▸ Brief: Your task is to retype the lines from the opening of the material through the line that includes "We're just now getting started, we're". Do not copy the pictures.

▸ Excerpted data:
· · ·
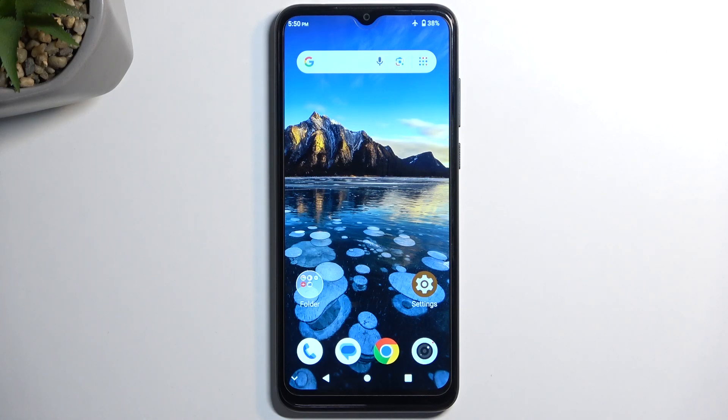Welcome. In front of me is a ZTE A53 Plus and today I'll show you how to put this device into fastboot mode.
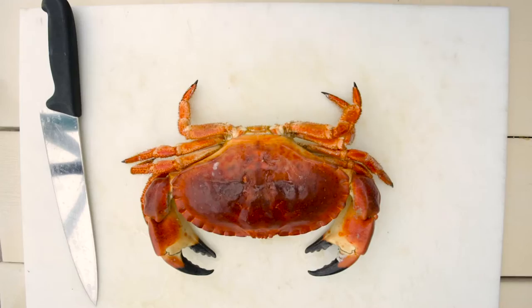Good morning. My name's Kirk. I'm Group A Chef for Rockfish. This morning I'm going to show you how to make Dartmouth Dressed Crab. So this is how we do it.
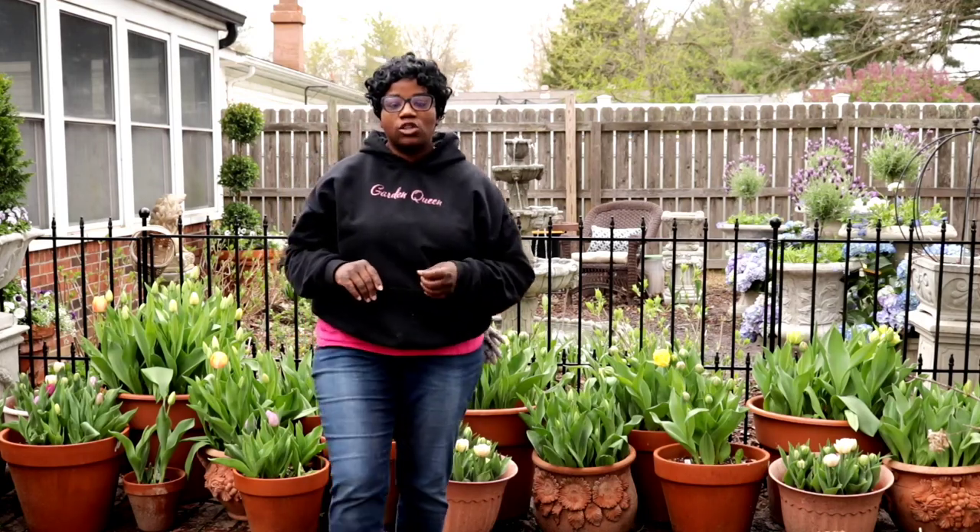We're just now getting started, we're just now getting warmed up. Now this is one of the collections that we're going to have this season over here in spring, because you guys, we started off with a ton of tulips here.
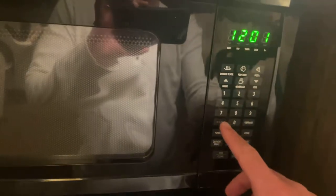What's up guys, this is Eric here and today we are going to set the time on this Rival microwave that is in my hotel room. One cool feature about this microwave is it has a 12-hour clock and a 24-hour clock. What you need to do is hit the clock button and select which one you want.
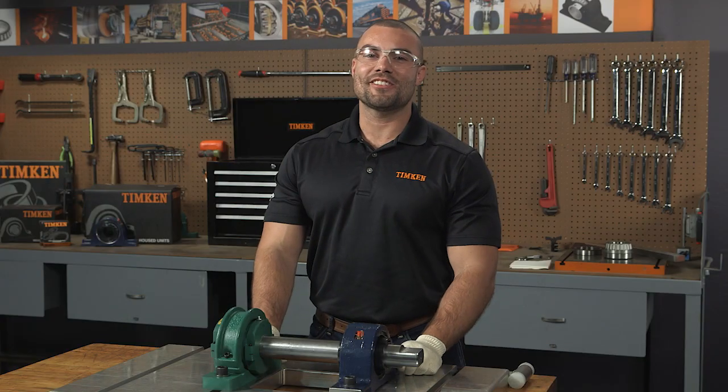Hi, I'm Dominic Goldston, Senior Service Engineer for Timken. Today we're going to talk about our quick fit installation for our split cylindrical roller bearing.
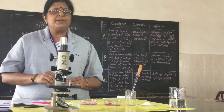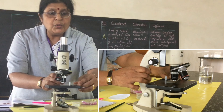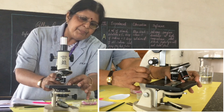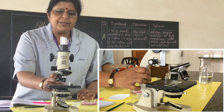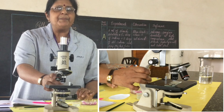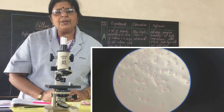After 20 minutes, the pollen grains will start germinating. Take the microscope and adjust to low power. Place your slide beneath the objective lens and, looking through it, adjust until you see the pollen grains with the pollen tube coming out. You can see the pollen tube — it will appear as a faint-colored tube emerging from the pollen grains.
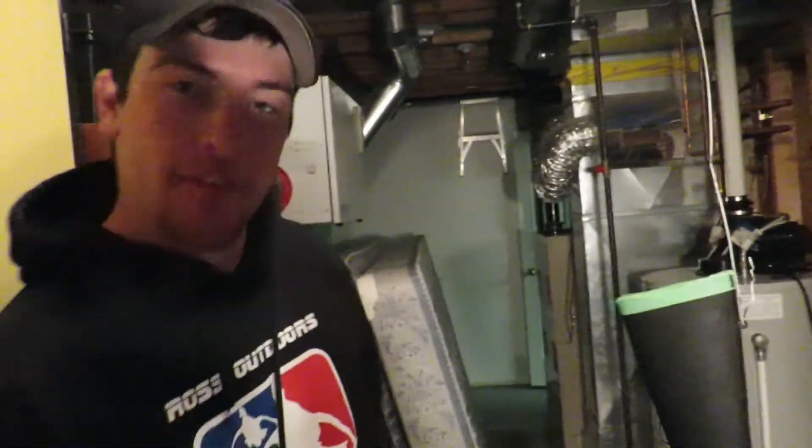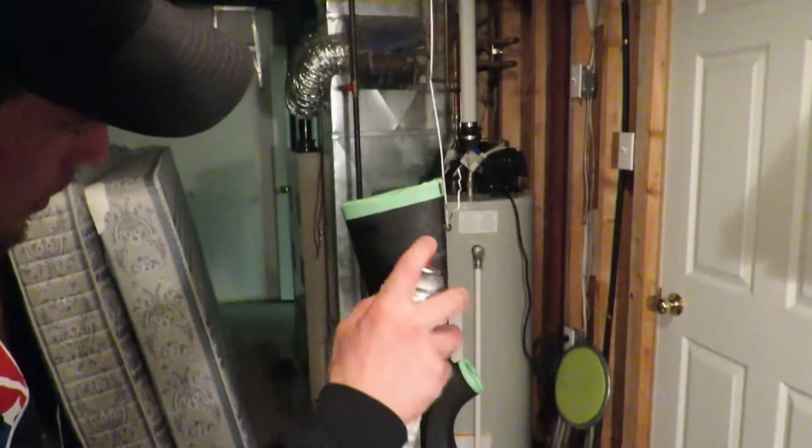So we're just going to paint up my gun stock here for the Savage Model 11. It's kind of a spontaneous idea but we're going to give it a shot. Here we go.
· · ·
▸ Answer to this problem:
Welcome. In front of me is a ZTE A53 Plus and today I'll show you how to put this device into fastboot mode.
Good morning. My name's Kirk. I'm Group A Chef for Rockfish. This morning I'm going to show you how to make Dartmouth Dressed Crab. So this is how we do it.
We're just now getting started, we're just now getting warmed up. Now this is one of the collections that we're going to have this season over here in spring, because you guys, we started off with a ton of tulips here.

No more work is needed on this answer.